I do feel it is worth reading, but would have liked to have an updated edition that had additional information on some of the discoveries.
He wrote in the Preface to this 1978 book, "The primary objective of this handbook is to provide libraries and individuals with a wide selection of reliable descriptions of unusual artifacts of ancient man. To meet this goal, I have analyzed hundreds of volumes of archaeological journals as well as the complete files of 'Nature' and 'Science.' The result of this research is an incomparable collection of information on the frontiers of archaeology. From this assemblage, I have selected the most interesting and controversial for this book." He also admits that "I have introduced a handful of articles from fringe periodicals and books that are doubtless considered offbeat and 'wild' by most professional archaeologists." Some of the publications included are from as far back as the 19th century.

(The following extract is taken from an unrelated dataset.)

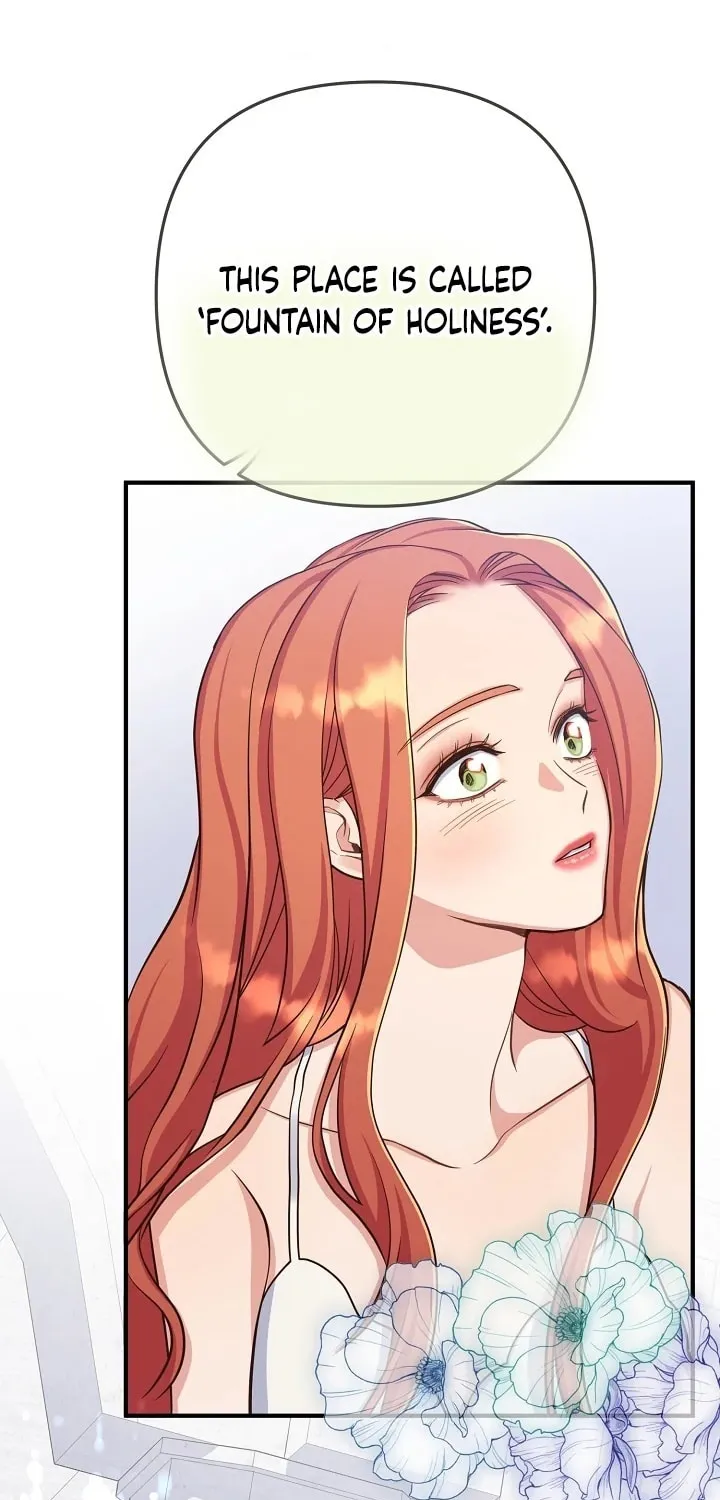 Read Make It Impossible to Run Away chapter 8 image 30 on Lezhin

He includes such items as Lat'te ("Houses of the Old People") stone monuments, which seem out of place among the "thatched huts of naked Indians" (pg. 11); or a medicine wheel marking the summer solstice sunrise found on a "cold and windy" trail (pg. 125); an article notes excitedly that some of the famous Nazca lines in Peru were constructed "to mark the winter solstice" (pg. 495), and many more.
All of Corliss's "Sourcebooks" are stimulating and thought-provoking---the more so, since most of them are taken directly from "respectable" mainstream scientific journals.